* Task objective: A complete answer retypes each of the records below precisely and includes none of the pictures.

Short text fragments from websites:
+---+

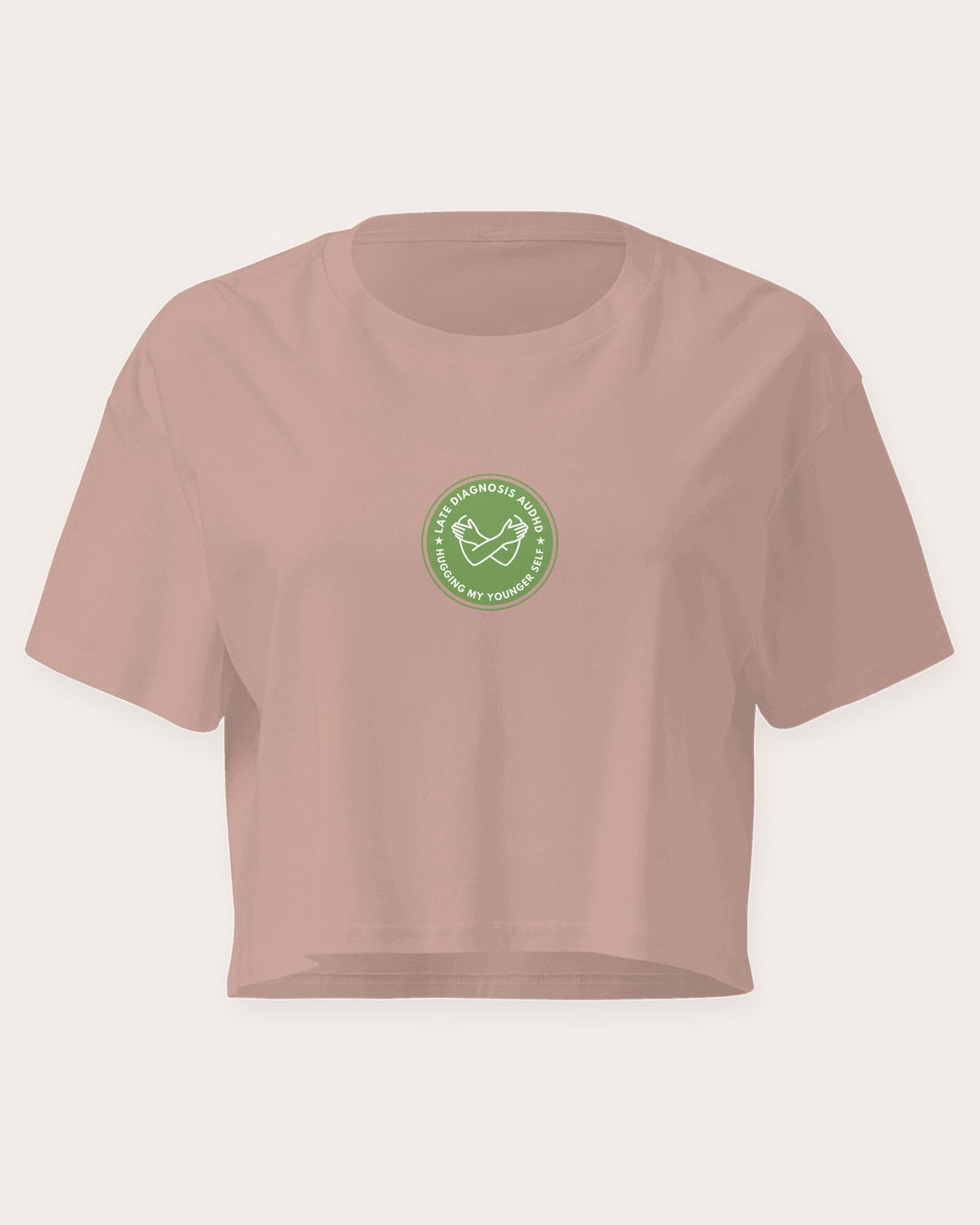 Hugging ... AuDHD embroidered crop top in Hazy Pink, flat front view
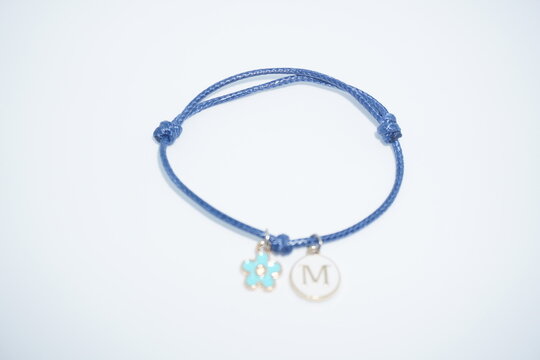 Blue cord charm bracelet with blue flower pendant and initial M isolated on white background
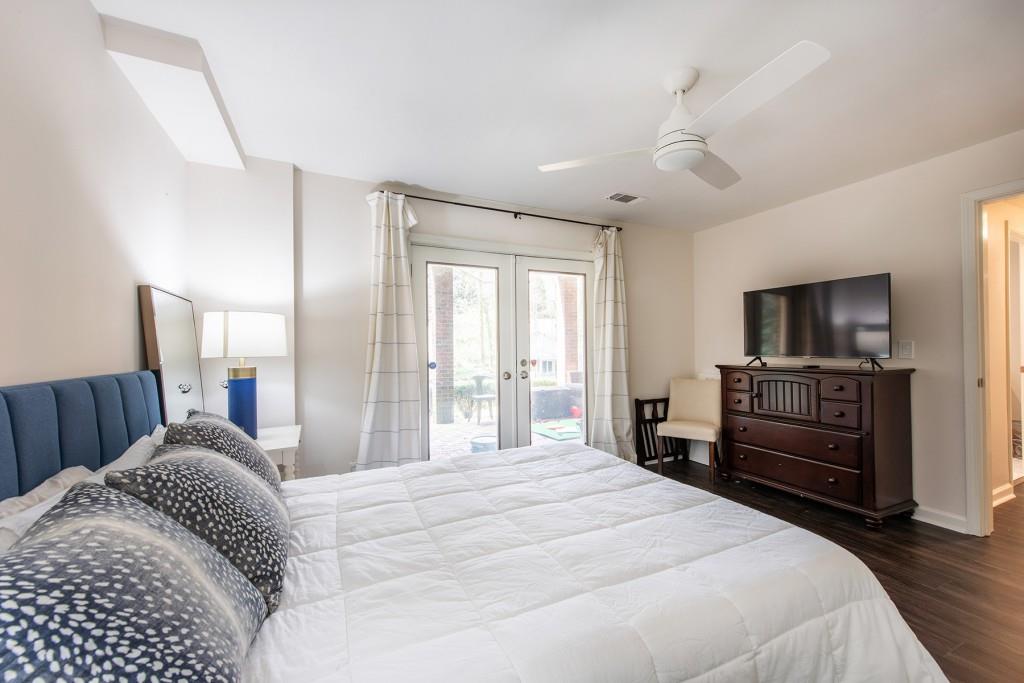 3211 Circle Oaks Drive Southeast Atlanta, GA 30339 - Photo 43 of 50 a bedroom with a bed and a flat screen tv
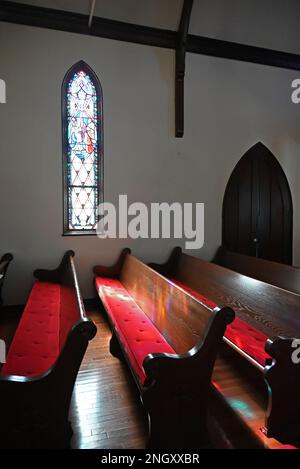 Sunlight streams through stain glass windows onto pews at the Holy Trinity Episcopal Church, completed in 1850 in rural Hertford, North Carolina. Stock Photo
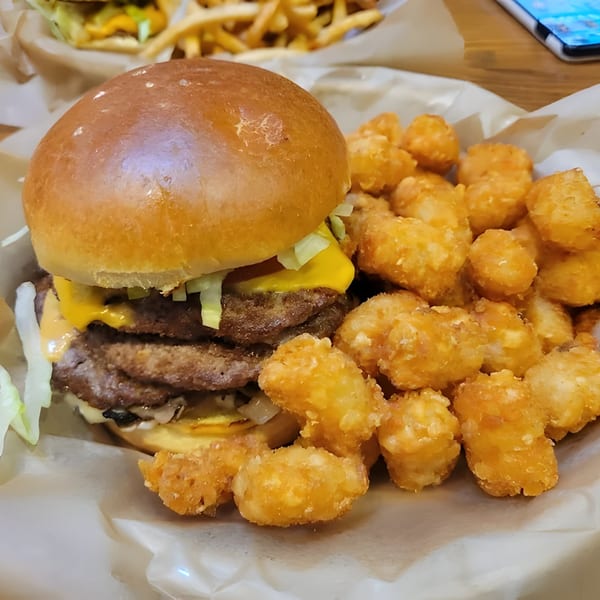 A double cheeseburger with melted cheese, lettuce, and sauce, served with a side of golden tater tots.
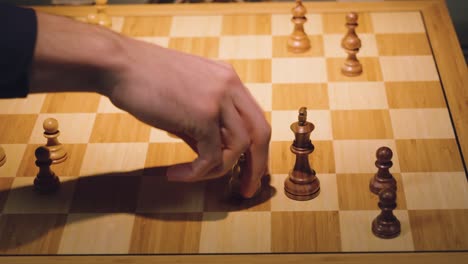 the hands of two chess players move the pieces alternately, taking some chess pieces off the chess board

+---+

* Answer to this problem:
 Hugging ... AuDHD embroidered crop top in Hazy Pink, flat front view
 Blue cord charm bracelet with blue flower pendant and initial M isolated on white background
 3211 Circle Oaks Drive Southeast Atlanta, GA 30339 - Photo 43 of 50 a bedroom with a bed and a flat screen tv
 Sunlight streams through stain glass windows onto pews at the Holy Trinity Episcopal Church, completed in 1850 in rural Hertford, North Carolina. Stock Photo
 A double cheeseburger with melted cheese, lettuce, and sauce, served with a side of golden tater tots.
 the hands of two chess players move the pieces alternately, taking some chess pieces off the chess board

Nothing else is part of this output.